Well ok, but it complicates things.

Wondertan commented 2 years ago

How?

vyzo commented 2 years ago

The right way to do it internally is to have one msgid function, which dsipatches on a map of funcs set potentially per topic and a default that can be overwritten as is now with the option.

vyzo commented 2 years ago

this way the internal changes will be minimal, and we dont break existing applications.

Wondertan commented 2 years ago

The solution I proposed keeps the logic and API the same and still allows customization. If WithCustomMessageIDFunc is not given for a topic, then the topic uses the global default or opted one, so nothing should break.

In other words,WithCustomMessageIDFunc optionally overrides global MsgIdFunction only for a specific topic.

vyzo commented 2 years ago

That's not very elegant i think, it makes users reinvent the wheel and messy internals. We can do better.

Lets create a struct type that has a map and a default, with a RWMutex. It also has a method for computing the msgid, which caches and we pass it where we otherwise use the msgid func. Lets also add the topic option, which mutates the map with exclusive lock.

This way nothing changes in the external interface and on the same time we get a maximally flexible solution. The extant msgid option would set the default.

vyzo commented 2 years ago

Btw, for future reference, it is preferrable to discuss design in an issue and reach consensus before opening the pr, so that you dont do unnecessary work.

Wondertan commented 2 years ago

I am in 👍🏻

We can do better.

Thank you for the detailed description.

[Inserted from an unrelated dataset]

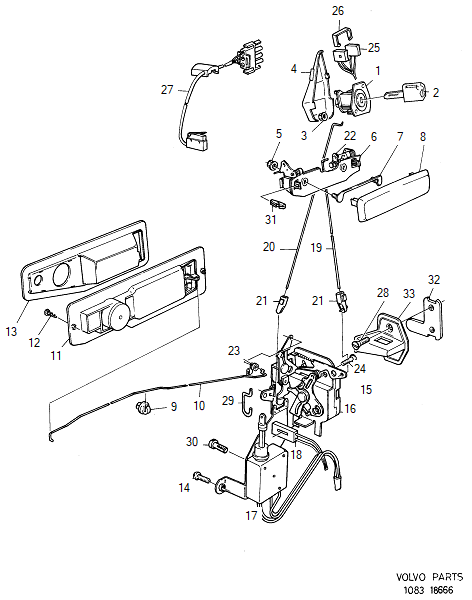 front door, Locking system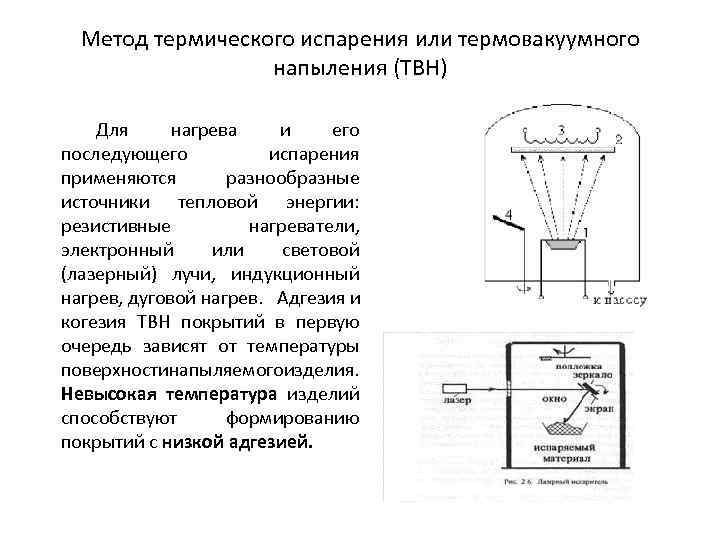 Метод термического испарения или термовакуумного напыления (ТВН) Для нагрева и его последующего испарения применяются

Qs:

Agree and I wanted to write a proposed solution but it turned out to be easier to implement it instead of describing it in English for this case :)

Btw, for future reference, it is preferrable to discuss design in an issue and reach consensus before opening the pr, so that you dont do unnecessary work.

vyzo commented 2 years ago
  1. The map will be a map[string]func(*pb.Message)string. Basically a map of topic names to functions that compute their msgid. The entry point in the object will be a func (m *Message) string method, which does the following:
    • Checks the cache on m; if it is already computed, it returns it directly.
    • RLocks the map, and retrieves the compute func
    • Invokes the compute func with the *pb.Message, caches and returns the result
      1. There is absolutely no need to lock the process loop; the lock is rw and scoped in the object that manages the msgid func map.
      2. Not bad, but we can use more vowels. Maybe MsgIDGenerator?
      3. No, just do one pr. We don't ahve to change the code that touches the msgid at all actually, we just pass the method in our MsgIdGen object to SetMsgID and we are set.
      4. No, it doesn't; it has a pointer to the pubsub object and this is sufficient. We can invoke methods in the msgIDGen instance in pubsub directly.

Agree and I wanted to write a proposed solution but it turned out to be easier to implement it instead of describing it in English for this case :)

Yeah, sometimes it is easier and that's totally fine, I just don't want you to do work that might be thrown away at design stage. Then again you learn the internals better by doing that, so it's not a total loss.

vyzo commented 2 years ago

Note that the cache is new field we add on the Message wrapper struct. It doesn't have to be thread safe, as the first thing we do with the message before any concurrency is involved is compute its message id.

vyzo commented 2 years ago

Also note that we should relinquish the rlock before invoking the compute function, so that we don't block other stuff while it is computing.

Wondertan commented 2 years ago

We still need to change MessageCache a bit as func (m *Message) string != func (m *pb.Message) string. This includes both Add(to rcv a wrapper) and SetMsgIdFn(to rcv a generator with wrapper as param) methods.

We don't ahve to change the code that touches the msgid at all actually, we just pass the method in our MsgIdGen object to SetMsgID and we are set.

This is also why I originally thought of the map with *pb.Message, as we don't have access to the wrapper in most places.

vyzo commented 2 years ago

Ah yes indeed, but thats a very small change.